We are storytellers. When our family gets together, there always has to be time for folks to tell their stories. Christmas tales are particularly popular. So many warm and happy events – and those that evoke laughter all around.
Thinking of how much we enjoy them, I thought I’d tell you about them.
Christmas Past Revisited
One of my favorite rites of Christmas is when the family gets together and remembers Christmases past. We hear from each person; whether you’ve had 8 Christmases to date or 80. There is a willing audience to hear you tell about it.
Some eyes glaze over; others brim with tears as we remember loved ones with whom we used to share holiday meals and traditions and gifts and love. You can practically feel the spirit of those who used to share our lives and are here no more. How precious to bring them back to life in our memories and have them share a few holiday moments with us.
The younger family members will hear of how things used to be. The older members will probably recall family traditions or foods.
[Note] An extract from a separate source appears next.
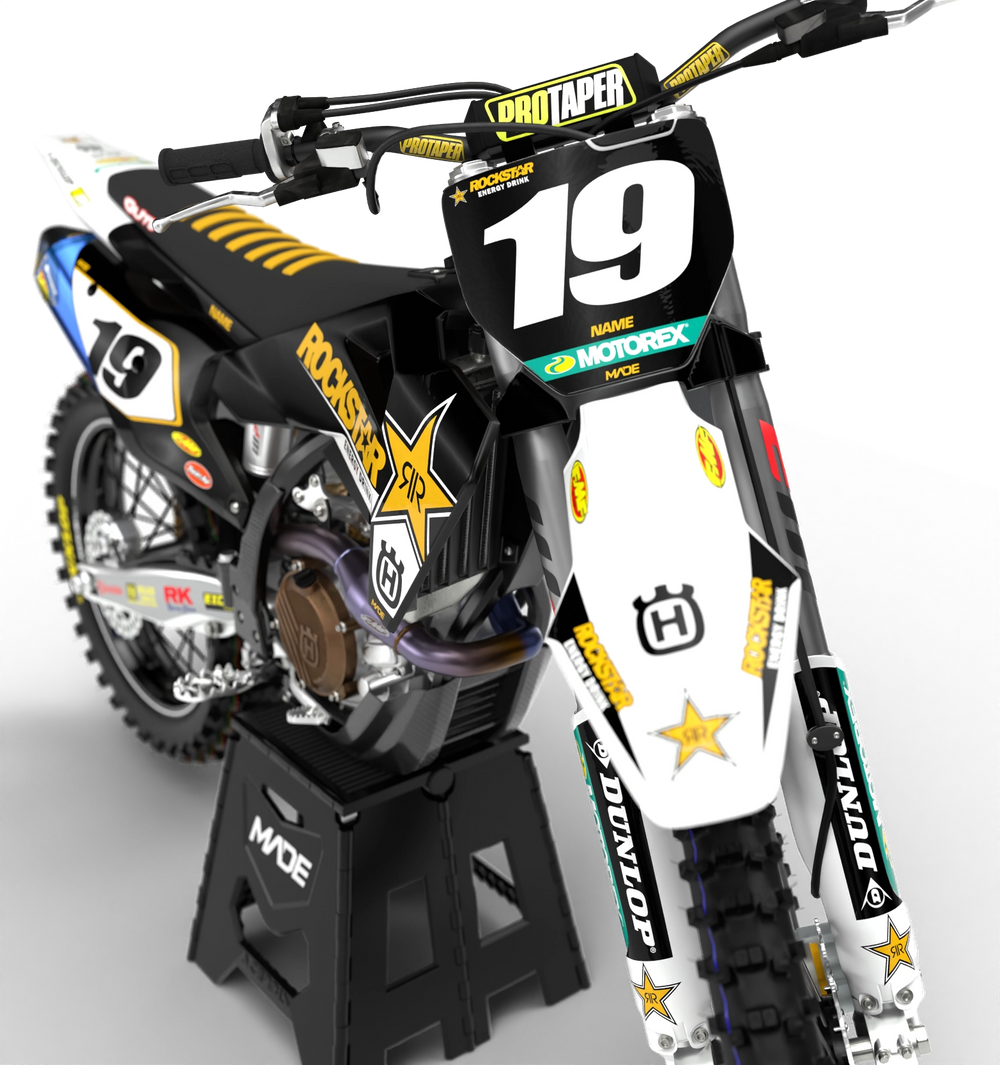 3D renders - Husqvarna MX graphics - Rockstar - white and black - madestickers.com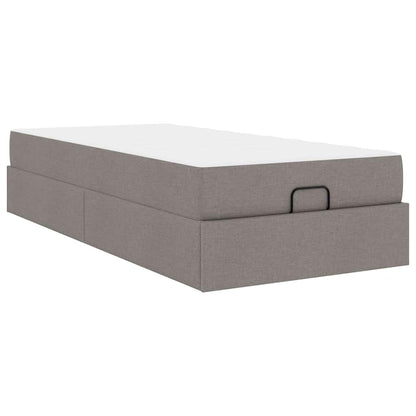Bedframe met matras Taupe 90 x 200 cm Stof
We may be able to congratulate those who still carry out the traditions or lament that they exist no more.
In addition to telling our favorite Christmas stories, each person gets to tell what they are thankful for. The expected treasures are mentioned – love of the family, health, and making it through another year without a major tragedy. But what is often heartwarming is to hear how grateful people are for something small done for them that really mattered: a suggestion that helped solve a problem; a contact that resulted in beneficial networking, news about people who needed help so that we could provide it.
It’s all part of the family Christmas-telling tradition.
As our family of locals shrinks and there are fewer oldsters and more little children, the storytelling changes a bit. As we go around the table, we may hear more about a new video game, the latest posts on Instagram, or delight over Taylor Swift’s latest lost love. These stories need to be cherished and valued as much as those about walking to and from school two miles, uphill each way. Throw in some microwave recipes, and you modernize Christmas storytelling.